## Exercise requirements
Look through the data below and, wherever a line carries the word "House", please copy that line.

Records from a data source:
*** Block opens ***

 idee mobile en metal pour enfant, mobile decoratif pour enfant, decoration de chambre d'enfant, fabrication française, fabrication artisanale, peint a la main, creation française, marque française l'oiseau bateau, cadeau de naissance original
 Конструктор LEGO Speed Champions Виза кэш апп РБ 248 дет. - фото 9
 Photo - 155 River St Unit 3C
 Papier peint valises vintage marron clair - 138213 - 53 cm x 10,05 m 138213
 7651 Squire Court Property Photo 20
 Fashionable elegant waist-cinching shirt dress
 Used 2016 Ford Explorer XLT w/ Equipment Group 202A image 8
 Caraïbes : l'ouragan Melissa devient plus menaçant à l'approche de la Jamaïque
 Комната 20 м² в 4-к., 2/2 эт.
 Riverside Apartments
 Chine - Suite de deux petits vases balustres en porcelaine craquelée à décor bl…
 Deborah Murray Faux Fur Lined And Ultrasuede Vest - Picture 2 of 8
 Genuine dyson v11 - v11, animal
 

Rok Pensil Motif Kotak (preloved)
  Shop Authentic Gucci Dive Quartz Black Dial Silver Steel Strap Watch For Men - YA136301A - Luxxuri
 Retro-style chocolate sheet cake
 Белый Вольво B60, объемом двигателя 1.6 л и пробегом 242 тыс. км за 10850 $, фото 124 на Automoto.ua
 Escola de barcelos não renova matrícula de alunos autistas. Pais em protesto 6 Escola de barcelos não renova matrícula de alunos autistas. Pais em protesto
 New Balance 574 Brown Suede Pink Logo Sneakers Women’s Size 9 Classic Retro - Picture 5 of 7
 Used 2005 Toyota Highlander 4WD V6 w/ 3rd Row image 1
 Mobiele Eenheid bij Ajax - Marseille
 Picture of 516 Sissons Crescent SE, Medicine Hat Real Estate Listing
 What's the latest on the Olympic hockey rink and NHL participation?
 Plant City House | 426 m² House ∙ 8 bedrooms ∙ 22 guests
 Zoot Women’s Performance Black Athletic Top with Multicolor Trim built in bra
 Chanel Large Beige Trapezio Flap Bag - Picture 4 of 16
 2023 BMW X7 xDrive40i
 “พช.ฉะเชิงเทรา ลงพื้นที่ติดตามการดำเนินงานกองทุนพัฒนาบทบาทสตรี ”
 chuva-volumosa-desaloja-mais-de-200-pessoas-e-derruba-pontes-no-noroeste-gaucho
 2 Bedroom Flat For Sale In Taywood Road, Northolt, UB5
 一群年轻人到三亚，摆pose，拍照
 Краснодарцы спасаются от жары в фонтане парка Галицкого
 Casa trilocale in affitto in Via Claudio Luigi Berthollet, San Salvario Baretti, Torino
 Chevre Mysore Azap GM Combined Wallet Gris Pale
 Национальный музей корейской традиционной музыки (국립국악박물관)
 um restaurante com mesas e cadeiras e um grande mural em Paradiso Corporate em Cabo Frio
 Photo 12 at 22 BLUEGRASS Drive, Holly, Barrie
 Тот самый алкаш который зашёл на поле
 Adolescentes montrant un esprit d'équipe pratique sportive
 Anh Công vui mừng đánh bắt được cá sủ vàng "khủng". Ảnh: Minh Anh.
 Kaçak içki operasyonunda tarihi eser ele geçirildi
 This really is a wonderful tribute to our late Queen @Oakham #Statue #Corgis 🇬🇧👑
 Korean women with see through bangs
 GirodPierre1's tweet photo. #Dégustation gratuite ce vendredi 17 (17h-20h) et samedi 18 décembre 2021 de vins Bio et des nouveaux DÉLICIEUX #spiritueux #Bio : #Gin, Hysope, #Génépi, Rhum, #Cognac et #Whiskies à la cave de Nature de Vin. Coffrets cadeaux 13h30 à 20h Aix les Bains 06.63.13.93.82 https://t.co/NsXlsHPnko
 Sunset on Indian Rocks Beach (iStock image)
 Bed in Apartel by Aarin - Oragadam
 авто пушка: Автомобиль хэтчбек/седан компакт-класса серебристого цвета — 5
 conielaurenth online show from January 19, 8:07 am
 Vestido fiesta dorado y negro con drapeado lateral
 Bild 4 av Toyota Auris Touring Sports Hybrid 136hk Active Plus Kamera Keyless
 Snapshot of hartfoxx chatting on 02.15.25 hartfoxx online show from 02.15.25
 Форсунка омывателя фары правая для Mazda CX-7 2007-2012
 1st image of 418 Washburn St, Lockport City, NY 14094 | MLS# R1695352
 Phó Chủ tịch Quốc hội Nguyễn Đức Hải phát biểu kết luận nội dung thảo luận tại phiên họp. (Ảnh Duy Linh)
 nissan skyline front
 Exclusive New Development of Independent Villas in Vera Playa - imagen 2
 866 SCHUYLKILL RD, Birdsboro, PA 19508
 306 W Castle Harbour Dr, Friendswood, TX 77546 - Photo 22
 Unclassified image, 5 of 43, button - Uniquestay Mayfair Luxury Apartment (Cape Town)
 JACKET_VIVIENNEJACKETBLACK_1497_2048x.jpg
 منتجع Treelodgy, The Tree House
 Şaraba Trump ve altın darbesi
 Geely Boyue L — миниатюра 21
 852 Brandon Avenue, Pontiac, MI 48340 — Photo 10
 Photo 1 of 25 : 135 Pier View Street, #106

*** Block closes ***

## Result of this task
 Plant City House | 426 m² House ∙ 8 bedrooms ∙ 22 guests
 منتجع Treelodgy, The Tree House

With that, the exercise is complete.